Publishers’ fear of findability
Two days ago, Times Online published an incredibly poorly researched opinion piece by William Rees-Mogg – a few quotes:
[...] Copyright is the mother of invention. No copyright — no revenue — no innovation.
Yet there is a conflict of interest between search engines and the right to intellectual property. Google plans to put whole libraries on to its system, and offer free copying rights to its users. Searches would throw up key passages in all the books in a library. [...] The danger — put simply — is that people will not buy books; they will wait to download them free from Google.
“No copyright — no revenue — no innovation.” Eh, the picture is a bit more complicated than that, but well…
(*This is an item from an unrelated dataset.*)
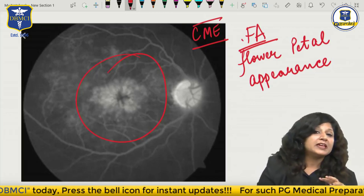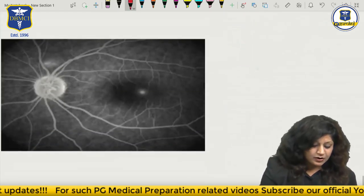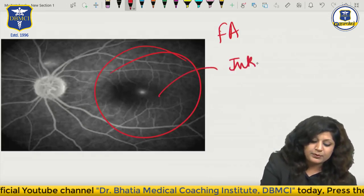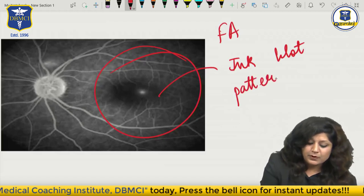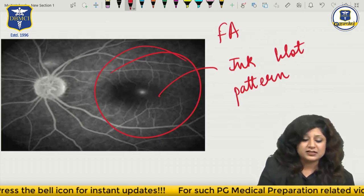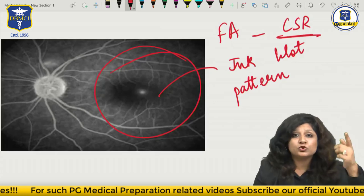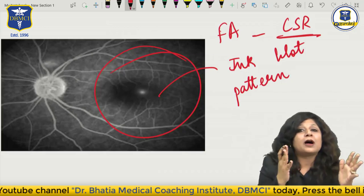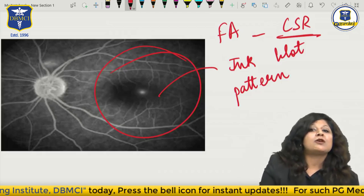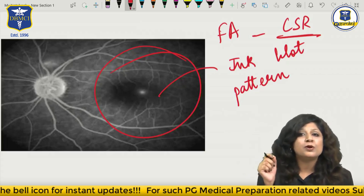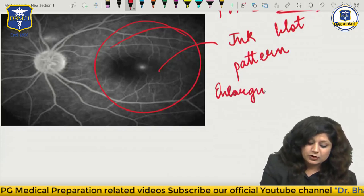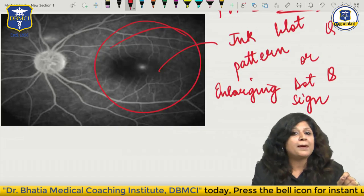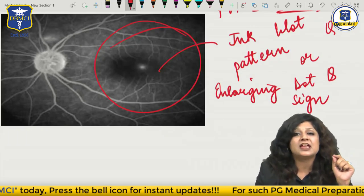Now see this one - this is another FFA showing a large blot. This is called the ink blot pattern. While you are getting this ink blot pattern, this is again found in CSR. It can be a mushroom pattern or an ink blot pattern. Due to the detachment of neurosensory retina, more amount of fluid means more amount of dye, and more amount of dye means a larger blot. This is also called the enlarging dot sign. So ink blot pattern or the enlarging dot sign is again a feature of CSR.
“[...] offer free copying rights to its users.” Hmm, I missed that one, I believe. Google doesn’t offer any “copying rights” at all. For books of which the publishers are not part of Google’s Book Search Partner Program, it only displays snippets of those books, allowing people to actually find them.
“[...] people will not buy books; they will wait to download them free from Google.” That’s just plain wrong. Nobody is “waiting” to “download” anything at all. They might be waiting until the book appears in Google Books so that they can easily find it, though.
Similarly ridiculous statements—targeting Google News this time—are coming from the World Association of Newspapers. From an interview with its president Gavin O’Reilly in yesterday’s Financial Times:
Services such as Google News link to original news stories on the home pages of newspapers and magazines and display only the headline and one paragraph of the story. “That’s often enough” for readers browsing the top stories, Mr O’Reilly said.
[...]
[O'Reilly:] “The irony is that these search engines exist, largely, because of the traditional news and content aggregators and profit at their expense.”
[...]
Mr O’Reilly likened the initiative to the conflict between the music industry and illegal file-sharing websites and said it was not a sign that publishers had failed to create a competitive online business model of their own.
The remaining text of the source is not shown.